Jeremy Lazarus | 11/24/2017, 1:42 p.m.
S&K Supermarket, one of the last grocery stores in North Side, remains closed in Highland Park, with a planned renovation ...

S&K Supermarket, one of the last grocery stores in North Side, remains closed in Highland Park, with a planned renovation on hold.

The owner, Chong Kim, could not be reached for comment about his plans for the store at 1404 E. Brookland Park Blvd.

Richmond Commissioner of Buildings Douglas H. Murrow told the Free Press on Monday that a company called HJB Construction applied for a building permit Aug. 24 for the site.

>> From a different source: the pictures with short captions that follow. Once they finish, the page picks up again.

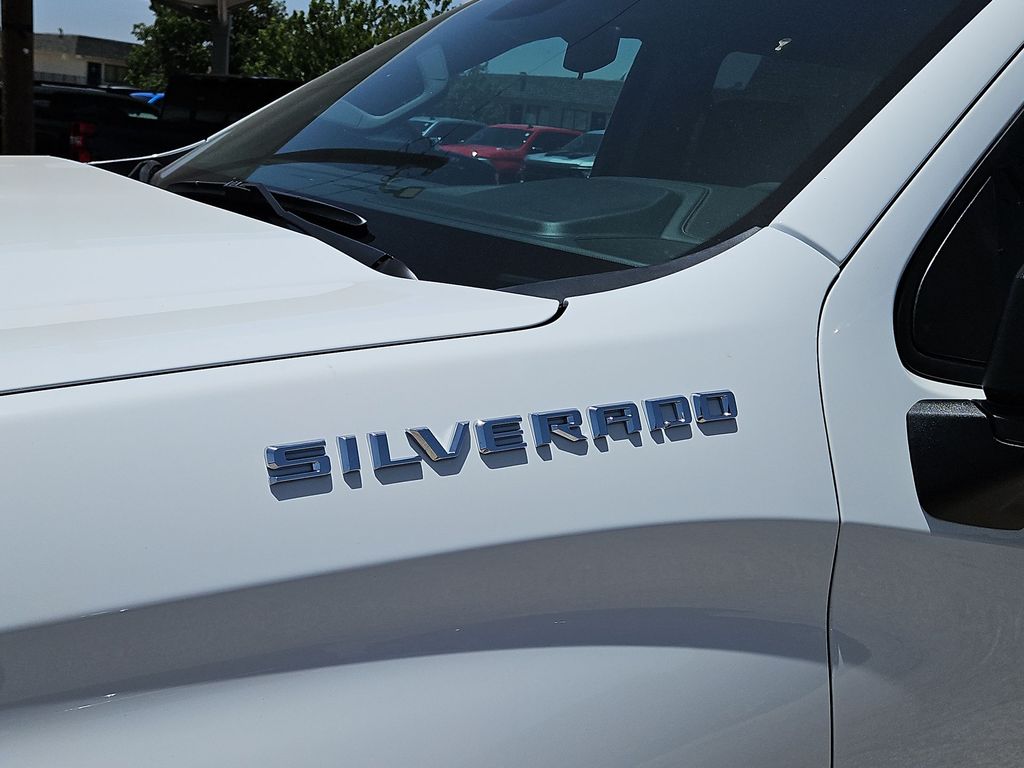 2026 Chevrolet Silverado 1500 LT - Photo 6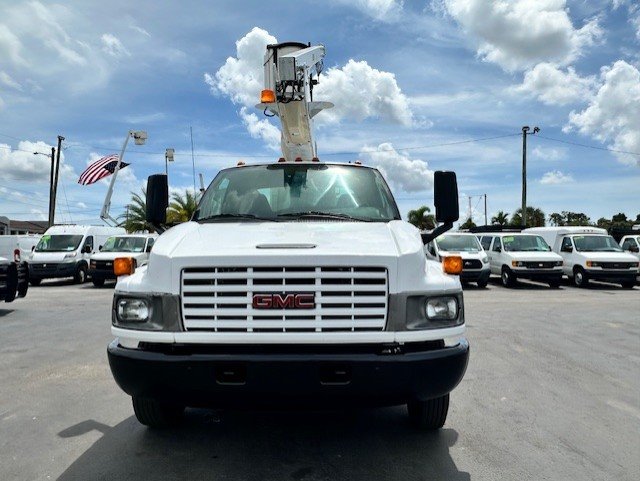 2005 GMC C4 - $19,888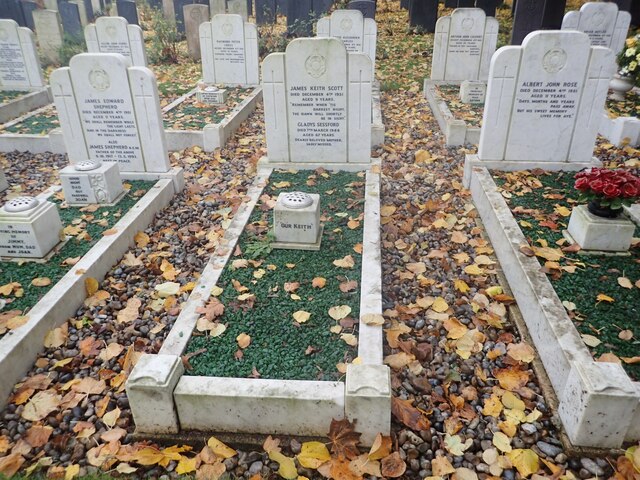 Some of the cadet graves in Gillingham (Woodlands) Cemetery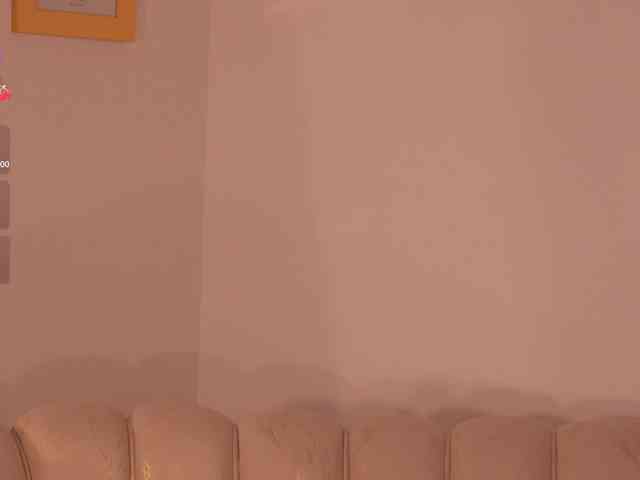 MadelineFox webcam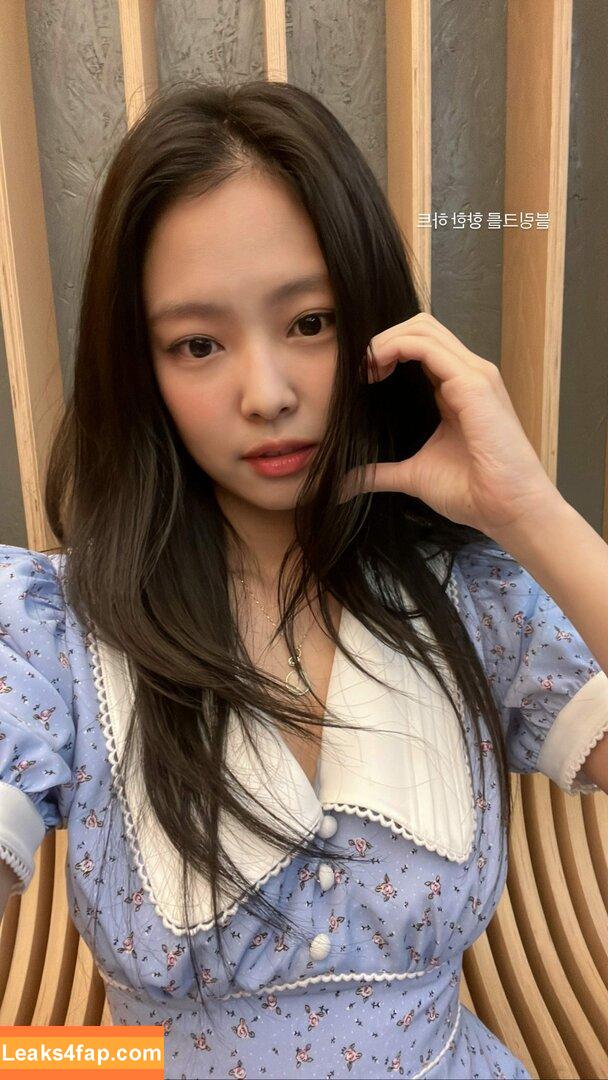 Jennie | BLΛƆKPIИK / Blackpink / jennierubyjane / sheflieshigh слитое фото фото #0122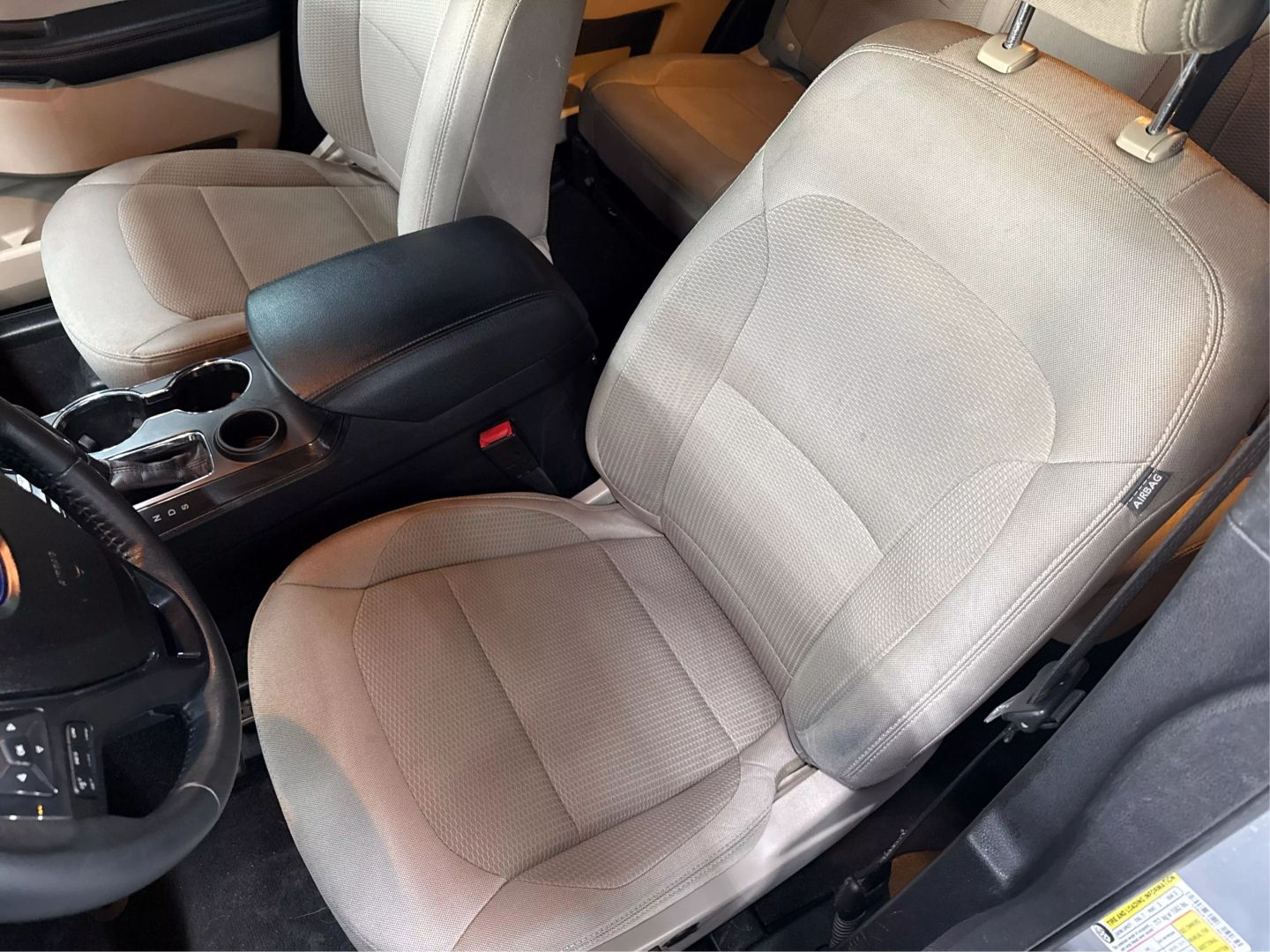 2018 Ford Explorer - Image 28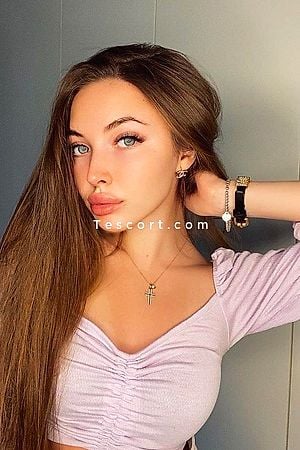 NAMRATA - Paris Escorts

However, he stated that the permit was blocked after a city review found that HJB “did not have a City of Richmond business license to conduct work in the city.”

Mr. Murrow said notice was given to HJB on Sept. 6. Since then, “the contractor has not responded to our inquiries, nor obtained a city business license,” he said.

The shutdown of the store has left limited options for residents of Highland Park and Barton Heights. There are also no full-service grocery stores in the Battery Park and Ginter Park neighborhoods.

Currently, the only remaining grocery in that area is Northside Foodland, 2919 North Ave., although several convenience stores carry fresh meat and vegetables. The Family Dollar and Dollar General stores on North Avenue also carry some food items, including milk and bread.

Most residents now must drive to a full-service supermarket located outside the community, such as the Kroger at Lombardy and Leigh streets, the Food Lion at Azalea and Chamberlayne avenues or the Walmart Neighborhood Market on Brook Road between Wilmer and Azalea avenues. The Food Lion and Walmart are located in Henrico County.

In a recent discussion, Mark Olinger, Richmond director of planning and development review, said a city study indicated that Highland Park’s population is still below the level that would attract a national supermarket chain.

However, local and regional chains, except for discounters like Dollar General and Family Dollar, also have shown little interest in developing a store in an area that city and federal officials label as a “food desert.”